En el 2013, el Banco Mundial publicó un estudio sobre una ciudad de América Latina. Este trabajo identificó que, durante la década de los 90, el sistema de transporte de esta urbe presentaba graves problemas, como “deficiencias en la organización del sistema de autobuses (propiedad fragmentada, competencia entre empresas operadoras para conseguir pasajeros, informalidad y falta de gestión profesional, y una carencia de integración entre los sistemas de autobuses con el metro subterráneo), niveles elevados de contaminación del aire y accidentes relacionados con autobuses”.

Para cualquier limeño, esto sonaría como parte de su experiencia cotidiana, pero el estudio se refería a Santiago de Chile.

Después de desarrollar el Plan de Transporte Urbano para Santiago 2000-2010, el Gobierno Nacional de Chile implementó su reforma de transporte. Aunque el proyecto tuvo varios problemas iniciales, incluyendo protestas masivas por los operadores de las antiguas líneas de micros, en el largo plazo ha logrado un cambio marcado en el desarrollo de la ciudad.
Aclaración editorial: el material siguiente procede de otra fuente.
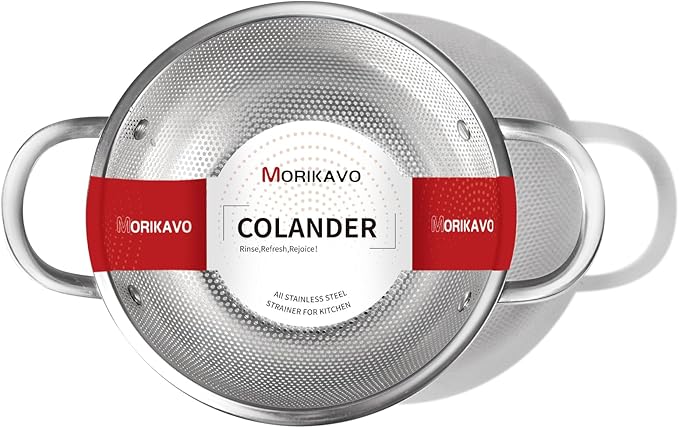 Premium Stainless Steel Colander for Kitchen, Food Strainer Basket with Handle and Solid Ring Base for Fruits Vegetables Rice and Pasta, Dishwasher Safe (3QT+5QT)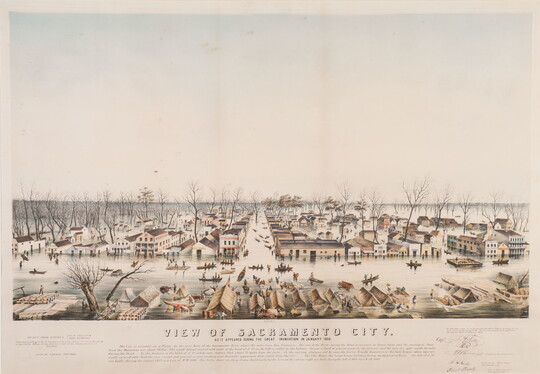 A color print of a flooded city; boats and rafts where the streets should be.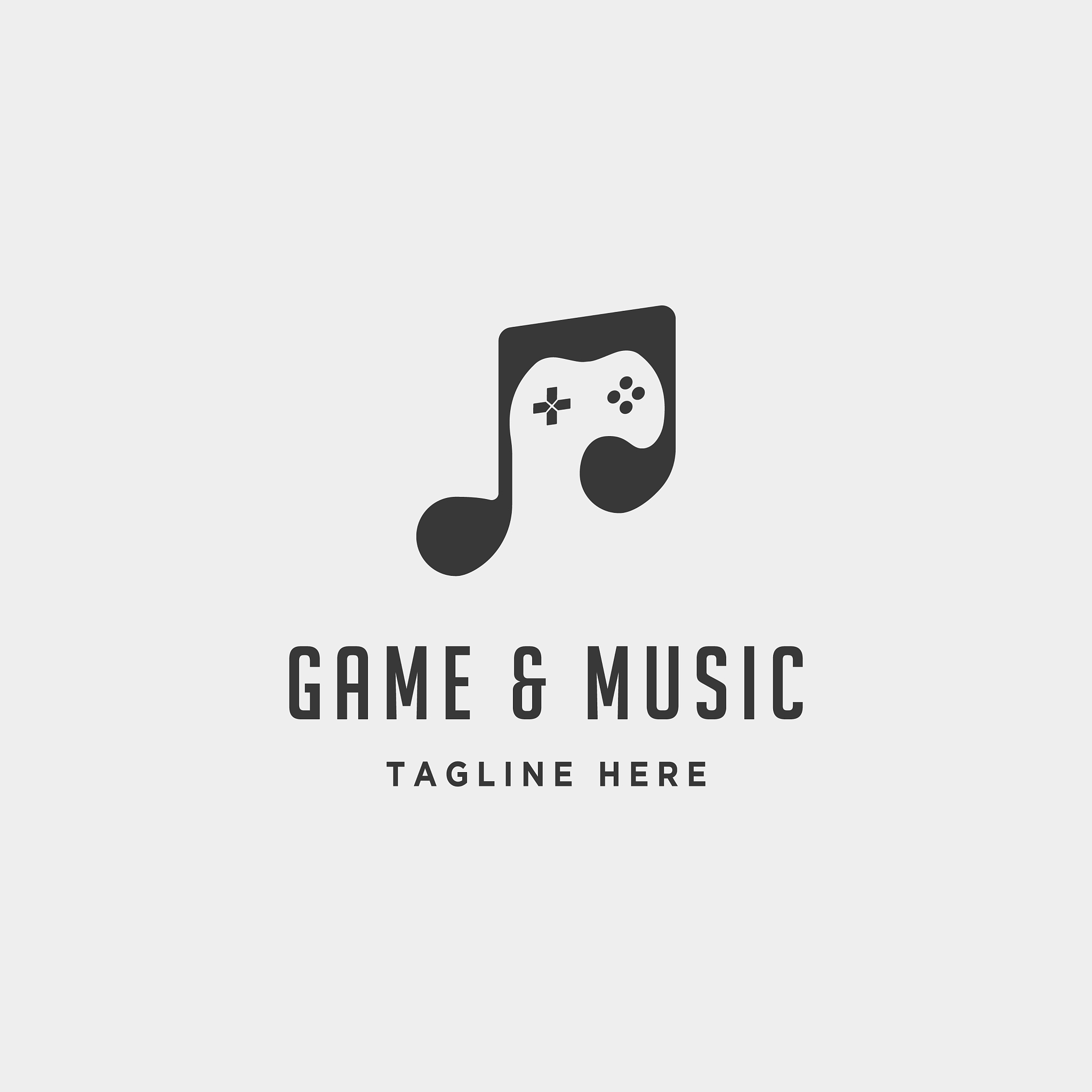 music game logo design template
Según el Banco Mundial, ha conseguido mejorar la seguridad vial, reduciendo accidentes; ha bajado los niveles de contaminación en el ámbito metropolitano; ha aumentado la cobertura de la red de transporte público, generando un sistema integral con paraderos iluminados y terminales formales; ha reducido la congestión en la ciudad; y ha generado una alternativa que pueda competir con el automóvil privado en el largo plazo. En el caso de Santiago, la reforma de transporte fue liderada por el gobierno nacional.
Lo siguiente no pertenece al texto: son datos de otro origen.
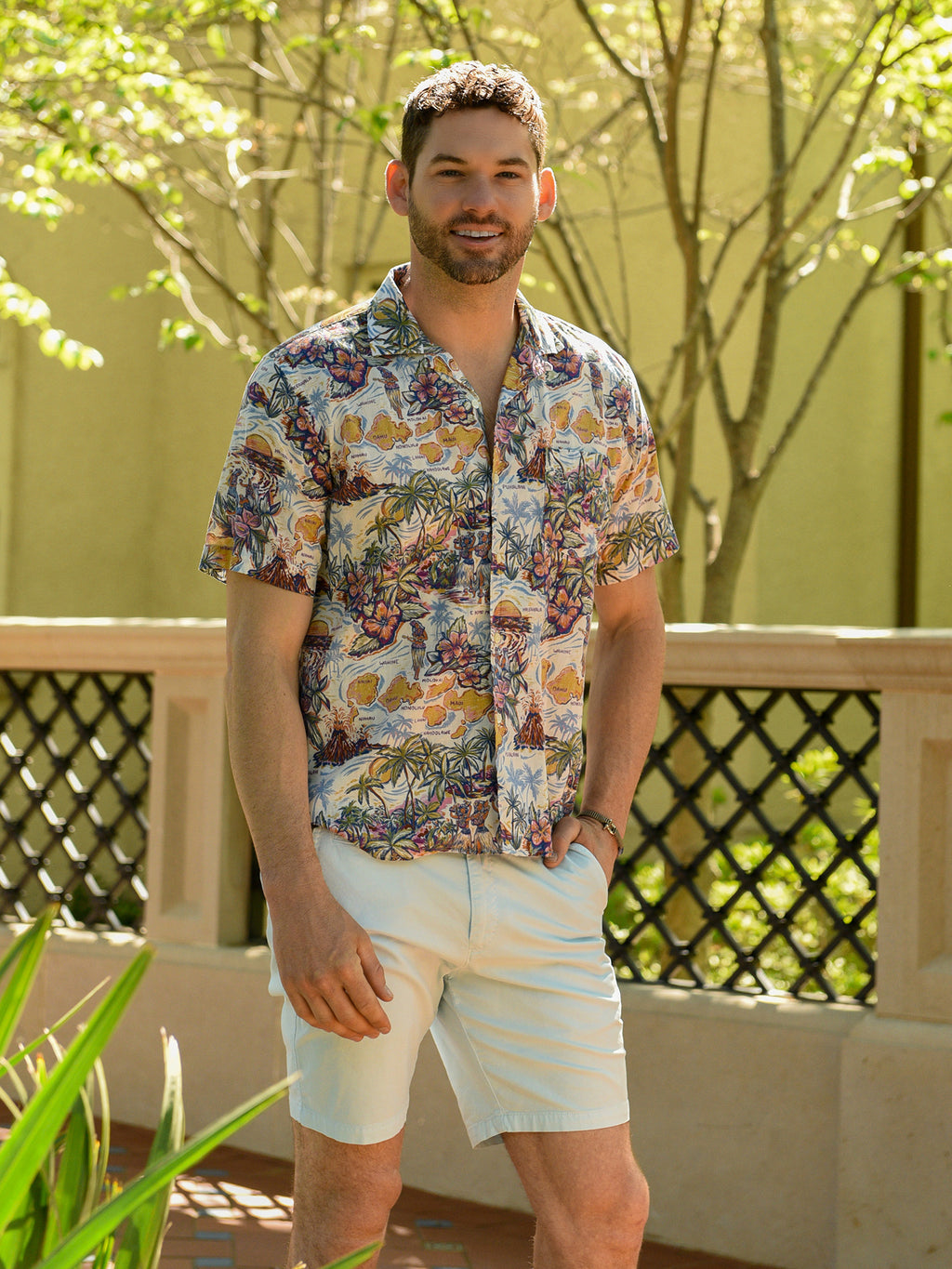 Hartford Men's Palm Woven Shirt - Saint Bernard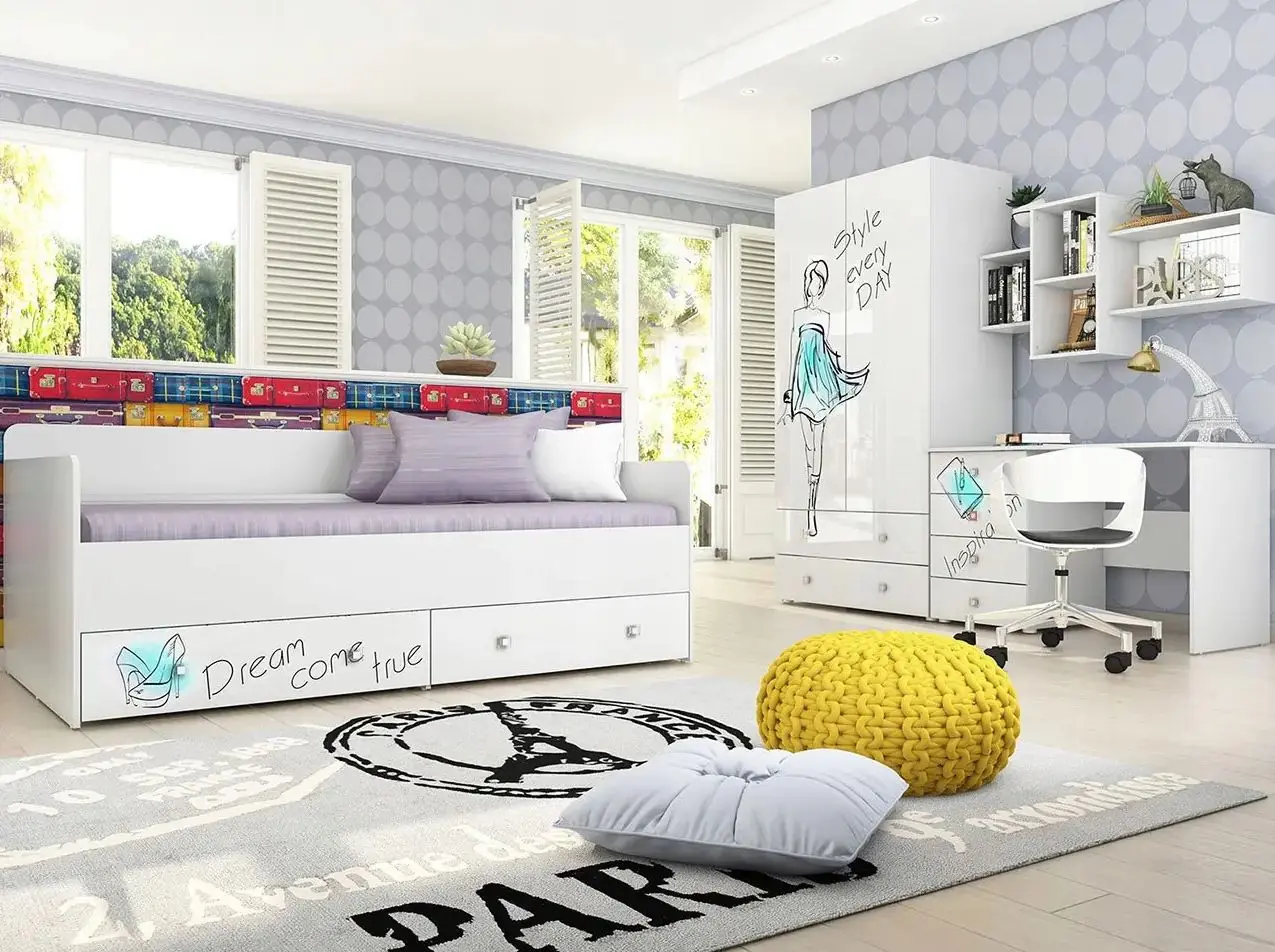 Письменный стол Tuckano Bella (White/White Gloss/Notebook Print) - 3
Mientras tanto, en Lima, la posibilidad de lograr una reforma parecida está en manos del Congreso de la República, donde todavía no se ha debatido el proyecto de ley para crear la autoridad de transporte urbano para Lima (ATU).

Como hemos visto en el caso de la mafia de estacionamientos en Gamarra, la cual generó un ingreso anual de S/20 millones solamente por cobrar cupos para estacionarse, existen grandes intereses económicos tras las decisiones políticas, y que a menudo tratan de mantener el statu quo, apoyando la informalidad en el Perú. En el caso de la ATU, el riesgo es que el Congreso interponga los intereses económicos de los dueños de las rutas actuales por delante del progreso económico del país a largo plazo.

En el contexto de una elección municipal en la que hasta ahora no existen propuestas serias por parte de los candidatos principales sobre cómo resolver el tema del transporte público, la existencia de la ATU es aún más necesaria. El número de vehículos de transporte para las personas en Lima y su informalidad son las principales causas de congestión. Es más, en gran parte, gracias a este problema es que Lima está entre las ciudades más contaminadas en las Américas y entre las más peligrosas en términos de accidentes de tránsito.

Sin debatir la creación de la ATU en el Congreso, seguiremos esperando.